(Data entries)
----
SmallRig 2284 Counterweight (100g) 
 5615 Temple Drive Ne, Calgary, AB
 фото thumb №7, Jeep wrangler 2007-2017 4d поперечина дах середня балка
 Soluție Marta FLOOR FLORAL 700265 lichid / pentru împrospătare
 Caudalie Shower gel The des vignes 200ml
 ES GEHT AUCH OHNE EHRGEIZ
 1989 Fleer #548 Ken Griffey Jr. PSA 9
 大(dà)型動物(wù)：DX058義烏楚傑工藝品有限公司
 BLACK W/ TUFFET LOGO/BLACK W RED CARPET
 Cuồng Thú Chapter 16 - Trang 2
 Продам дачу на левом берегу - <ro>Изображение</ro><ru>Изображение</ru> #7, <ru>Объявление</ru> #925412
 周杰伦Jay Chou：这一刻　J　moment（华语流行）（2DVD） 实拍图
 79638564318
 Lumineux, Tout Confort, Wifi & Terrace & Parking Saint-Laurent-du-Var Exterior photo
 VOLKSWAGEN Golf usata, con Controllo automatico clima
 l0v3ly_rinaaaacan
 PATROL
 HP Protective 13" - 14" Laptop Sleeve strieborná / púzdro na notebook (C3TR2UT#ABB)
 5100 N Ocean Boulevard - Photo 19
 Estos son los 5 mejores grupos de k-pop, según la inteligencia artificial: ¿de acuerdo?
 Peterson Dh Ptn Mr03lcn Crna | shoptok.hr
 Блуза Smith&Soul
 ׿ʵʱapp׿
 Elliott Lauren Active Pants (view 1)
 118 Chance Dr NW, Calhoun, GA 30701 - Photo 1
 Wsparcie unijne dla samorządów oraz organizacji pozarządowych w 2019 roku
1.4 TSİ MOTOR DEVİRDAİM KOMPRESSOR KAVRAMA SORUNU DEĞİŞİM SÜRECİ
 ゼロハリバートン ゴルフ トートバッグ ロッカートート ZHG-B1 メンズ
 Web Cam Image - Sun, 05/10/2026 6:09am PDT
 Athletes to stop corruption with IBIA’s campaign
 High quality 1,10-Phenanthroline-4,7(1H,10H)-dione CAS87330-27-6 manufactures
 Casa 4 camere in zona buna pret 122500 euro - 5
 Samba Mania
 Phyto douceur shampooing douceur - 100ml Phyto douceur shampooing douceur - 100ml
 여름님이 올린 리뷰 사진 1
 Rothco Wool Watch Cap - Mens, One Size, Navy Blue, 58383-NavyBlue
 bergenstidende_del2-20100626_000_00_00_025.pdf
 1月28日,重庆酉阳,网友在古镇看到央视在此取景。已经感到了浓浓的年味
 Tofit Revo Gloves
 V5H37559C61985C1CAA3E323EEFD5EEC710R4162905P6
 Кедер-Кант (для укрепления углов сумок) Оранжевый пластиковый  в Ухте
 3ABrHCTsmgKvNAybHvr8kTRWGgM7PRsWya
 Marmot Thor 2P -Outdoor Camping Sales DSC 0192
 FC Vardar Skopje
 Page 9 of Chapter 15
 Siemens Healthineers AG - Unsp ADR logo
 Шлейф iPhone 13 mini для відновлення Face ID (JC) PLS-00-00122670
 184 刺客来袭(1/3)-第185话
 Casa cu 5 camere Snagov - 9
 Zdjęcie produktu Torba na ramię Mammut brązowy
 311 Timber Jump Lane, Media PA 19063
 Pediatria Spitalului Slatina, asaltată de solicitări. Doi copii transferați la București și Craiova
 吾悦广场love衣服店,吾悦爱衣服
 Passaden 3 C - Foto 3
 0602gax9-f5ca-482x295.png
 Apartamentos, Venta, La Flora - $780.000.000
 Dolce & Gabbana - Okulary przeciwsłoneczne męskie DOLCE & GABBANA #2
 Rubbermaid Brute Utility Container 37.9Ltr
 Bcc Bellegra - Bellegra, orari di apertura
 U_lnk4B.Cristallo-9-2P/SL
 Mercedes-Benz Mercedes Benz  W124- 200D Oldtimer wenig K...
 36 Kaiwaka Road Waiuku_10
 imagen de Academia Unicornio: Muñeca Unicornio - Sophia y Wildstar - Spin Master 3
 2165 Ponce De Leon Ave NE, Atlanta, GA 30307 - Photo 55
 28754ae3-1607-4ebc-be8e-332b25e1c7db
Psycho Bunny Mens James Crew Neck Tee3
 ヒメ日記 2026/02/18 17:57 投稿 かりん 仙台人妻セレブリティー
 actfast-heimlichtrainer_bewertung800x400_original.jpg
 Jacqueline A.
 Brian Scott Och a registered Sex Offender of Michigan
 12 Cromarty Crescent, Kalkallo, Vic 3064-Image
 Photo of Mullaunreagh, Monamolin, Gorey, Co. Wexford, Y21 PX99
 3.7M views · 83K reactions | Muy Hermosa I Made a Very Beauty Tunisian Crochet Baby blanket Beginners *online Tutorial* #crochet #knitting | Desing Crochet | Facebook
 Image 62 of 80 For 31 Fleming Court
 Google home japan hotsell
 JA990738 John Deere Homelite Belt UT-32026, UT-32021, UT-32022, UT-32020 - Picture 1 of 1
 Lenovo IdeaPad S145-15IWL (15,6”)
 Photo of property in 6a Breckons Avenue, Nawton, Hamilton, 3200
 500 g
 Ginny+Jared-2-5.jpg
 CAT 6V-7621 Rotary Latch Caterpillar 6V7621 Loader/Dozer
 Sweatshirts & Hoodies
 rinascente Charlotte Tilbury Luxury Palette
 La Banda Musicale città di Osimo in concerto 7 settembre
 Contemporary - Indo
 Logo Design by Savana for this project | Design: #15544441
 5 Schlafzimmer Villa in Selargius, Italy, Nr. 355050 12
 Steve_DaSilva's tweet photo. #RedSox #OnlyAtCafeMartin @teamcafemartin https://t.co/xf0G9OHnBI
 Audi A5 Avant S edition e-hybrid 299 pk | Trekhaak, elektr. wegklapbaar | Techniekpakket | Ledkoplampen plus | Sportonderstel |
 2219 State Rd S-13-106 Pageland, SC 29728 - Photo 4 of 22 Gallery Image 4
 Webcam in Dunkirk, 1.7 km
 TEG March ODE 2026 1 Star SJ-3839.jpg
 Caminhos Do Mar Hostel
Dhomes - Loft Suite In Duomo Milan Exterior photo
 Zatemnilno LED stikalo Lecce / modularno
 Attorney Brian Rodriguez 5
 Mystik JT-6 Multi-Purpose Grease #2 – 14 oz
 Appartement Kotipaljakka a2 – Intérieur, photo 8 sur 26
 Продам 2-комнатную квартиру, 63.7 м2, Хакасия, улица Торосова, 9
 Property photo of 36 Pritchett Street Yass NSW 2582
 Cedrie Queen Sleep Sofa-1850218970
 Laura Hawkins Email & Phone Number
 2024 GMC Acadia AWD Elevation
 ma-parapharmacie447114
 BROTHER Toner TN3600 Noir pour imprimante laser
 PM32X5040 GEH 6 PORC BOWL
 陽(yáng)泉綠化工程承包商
----
• _About this task_
Out of the data above, return each line where the word "Exterior" can be found.

• _Solution below_
 Lumineux, Tout Confort, Wifi & Terrace & Parking Saint-Laurent-du-Var Exterior photo
Dhomes - Loft Suite In Duomo Milan Exterior photo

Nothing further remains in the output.